# How can I define a 3d-body through different views? [closed]

In one of the maths blogs I follow I stumbled upon the following question:

The bottom, side, and front views of an object are shown below:

How would the object look in three dimensions?

My question
Is it possible to use these views and construct a 3d body out of them that you can then turn in space with Mathematica?

• This question doesn't show any effort to solve the problem in Mathematica. Mar 17, 2014 at 10:26
• Some pretty good (if advanced) stuff by Michael Trott here Mar 17, 2014 at 10:28
• @Artes: This is indeed true. The challenge for me is that I normally don't use Mathematica for graphics stuff and thought this a good opportunity to get a cold start. To cut a long story short: I don't have a clue where to start but obviously the task is not so trivial after all... what a pity, but thank you anyway.
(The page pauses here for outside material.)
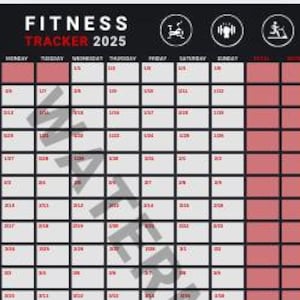2025 Fitness Tracker with Bike, Strength and Tread Logos (11x17, 3 Pages)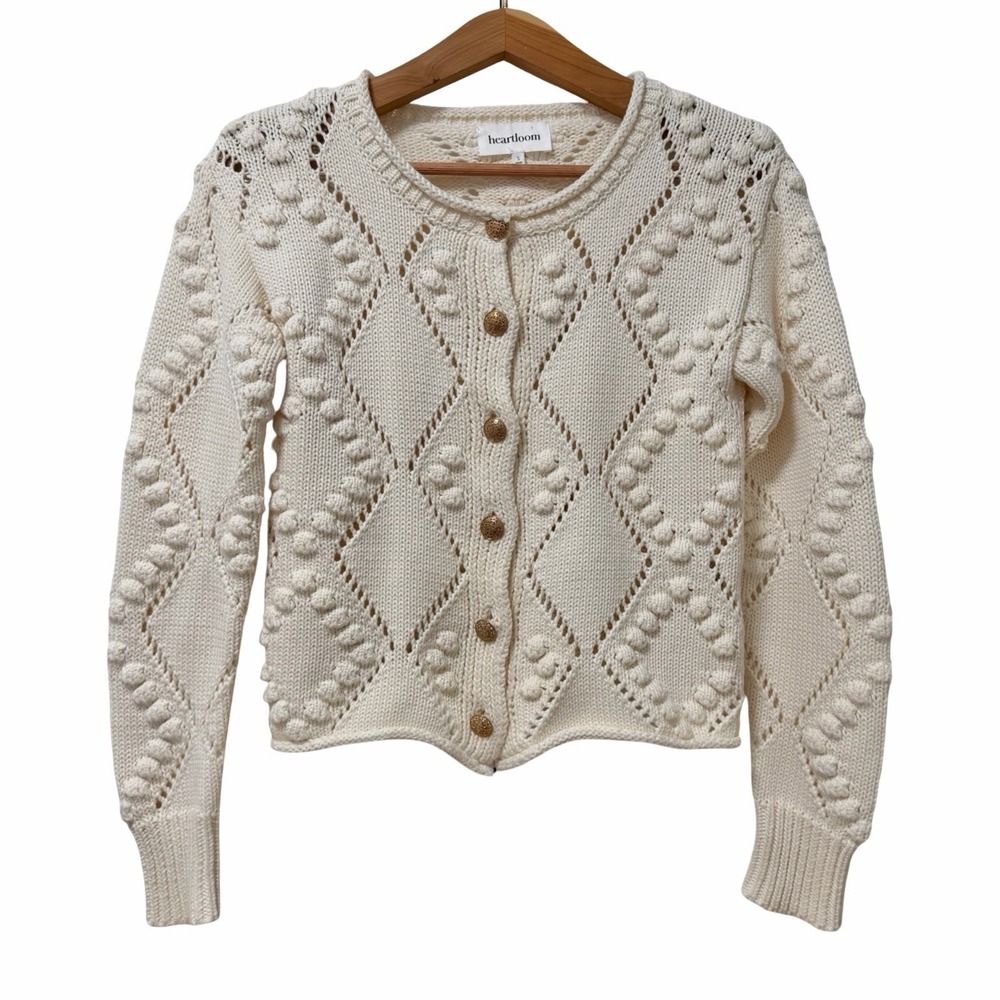 REVOLVE Heartloom Flynn Textured Cardigan Size S Ivory Feminine Cottagecore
Mar 17, 2014 at 10:45
• I don't think the provided constraints are sufficent to fully determine the shape, but a shape that is consistent with them is found easily. It is a stack of ellipses with major axis determined by the width of the rectangle and the minor axis (at every height) determined by the triangle. With this information you should be able to build the shape using ParametricPlot3D. Mar 17, 2014 at 11:50
• Note carefully that the problem as you have posed it is very far from having a complete solution. This is showcased by the two answers already present, but you could also e.g. punch a diagonal hole in both of them without changing the projections. In general, you'll need a view from an infinity of angles. This isn't quite a tomography problem, but you may find the spirit of the Radon transform useful to read about. Mar 17, 2014 at 15:12

Let's say we have the following 3 shapes.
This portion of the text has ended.